“To have all your life’s work and to have them along the wall, it’s like walking in with no clothes on. It’s terrible.” Andrew Wyeth
On October 19, 1937, Andrew Wyeth had the first exhibition of his works, a collection of 23 watercolors at the Macbeth Gallery in Manhattan. Two days later all the paintings were sold and his name was rippling across the art world.
This year, in celebration of his 100th birthday, The Brandywine River Museum of Art in Chadd’s Ford, Pennsylvania is presenting a rare artistic feast in collaboration with the Seattle Art Museum. Over 100 of Wyeth’s paintings and drawings are on display in breathtaking galleries that are part Guggenheim/part rustic barn on three levels surrounded by floor-to-ceiling windows that bring the woods and river into the visual experience.
“Artists today think of everything they do as a work of art. It is important to forget about what you are doing – then a work of art may happen.”
Like his friend Edward Hopper, Wyeth is a giant of 20th Century American art who is both revered and dismissed by critics. Abstract expressionism is often considered a deeper form of artistic expression than anything realistic or representational but Wyeth felt he captured something deeper than the objects he represented. The viewer can decide whether or not he succeeded.
You won’t find a lot of happy faces in Wyeth’s paintings. The closest thing to a smile may be the enigmatic one on the face of his wife and manager Betsy in the portrait from 1966 called Maga’s Daughter.
“One’s art goes as far and as deep as one’s love goes.”
It is rare for more than one person to appear together on a Wyeth canvas. Most of his portraits have a stillness approaching emptiness that can be unsettling.
“I think anything like that – which is contemplative, silent, shows a person alone – people always feel sad. Is it because we’ve lost the art of being alone?”
On Christmas Eve 1967 Alvaro Olson died. His sister Christina died the next month. With the loss of two of Wyeth’s most dependable subjects, the artist needed new muses and found them in Helga Testorf and Siri Erickson. His nude paintings of this woman and girl were kept from the public eye for years but both are included in this exhibit.
While the Brandywine’s exhibit does not include Wyeth’s most famous painting, Christina’s World (you can find it outside a men’s room at MOMA whose founding director bought it in 1948 for $1,800), the unfamiliar works on display are more rewarding for their freshness. Thin Icewas acquired by the Nagaoko Contemporary Art Museum in Japan and is on display for the first time in the US.
“I’ve never studied the Japanese. That’s something that must have crept in there. But the Japanese are my biggest clients. They seem to like the elemental quality.”
There is a lot of empty space in Wyeth’s paintings. Or there is none.

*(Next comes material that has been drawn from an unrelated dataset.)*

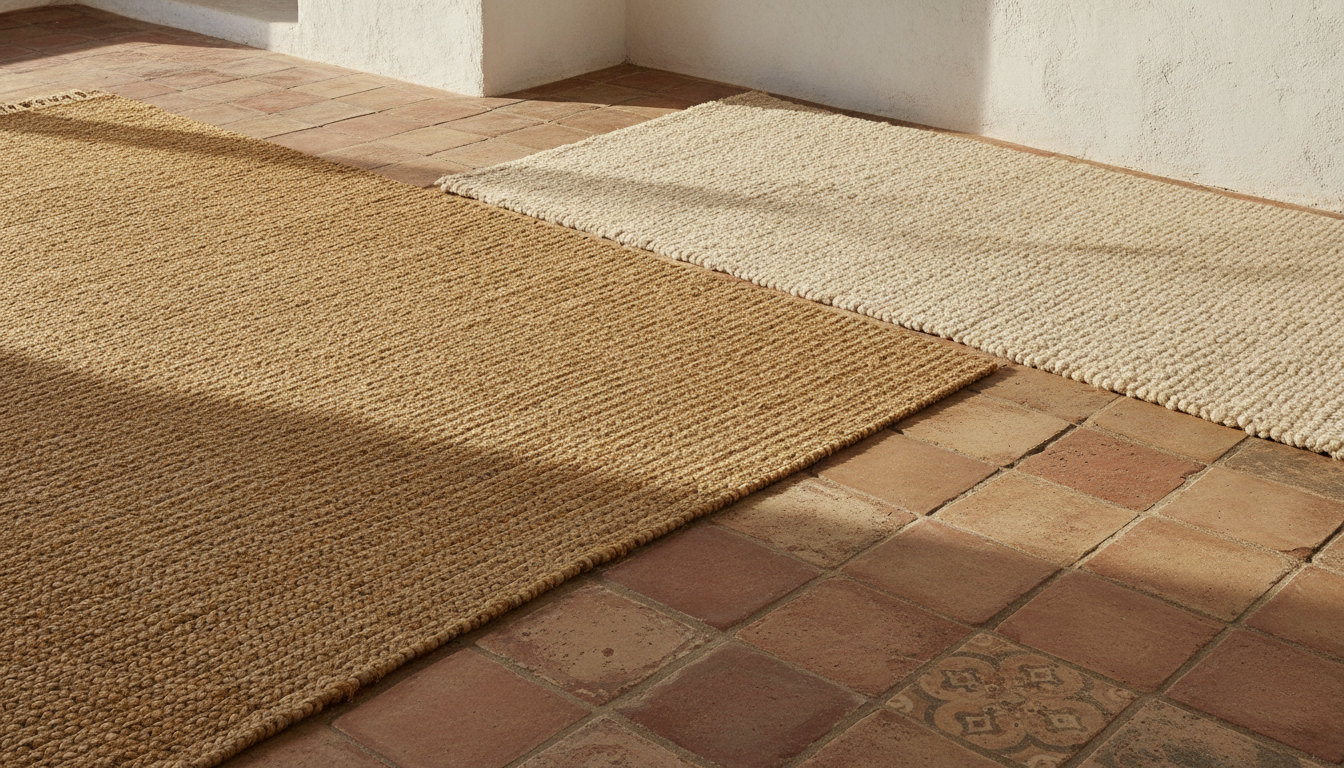 Tapis en jute tissé beige doré sur tomettes, avec un tapis en laine ivoire superposé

It’s all in the eye of the beholder.
“It’s a moment that I’m after, a fleeting moment, but not a frozen moment.”
“I search for the realness, the real feeling of a subject, all the texture around it… I always want to see the third dimension of something… I want to come alive with the object.”
“I don’t think that there is anything that is really magical unless it has a terrifying quality.”
“I do an awful lot of thinking and dreaming about things in the past and the future – the timelessness of the rocks and the hills – all the people who have existed there. I prefer winter and fall, when you feel the bone structure of the landscape – the loneliness of it, the dead feeling of winter. Something waits beneath it, the whole story doesn’t show.”
The exhibit closes with the final painting of Wyeth’s career, Goodbye, completed the summer before his death in January, 2009 at the age of 91.
“I dream a lot. I do more painting when I’m not painting. It’s in the subconscious.”
The Brandywine River Museum of Art is 45 minutes southwest of Philly and 2 1/2 hours from Manhattan. The exhibit runs through September 17 and the museum is open every day from 9:30 to 5:00.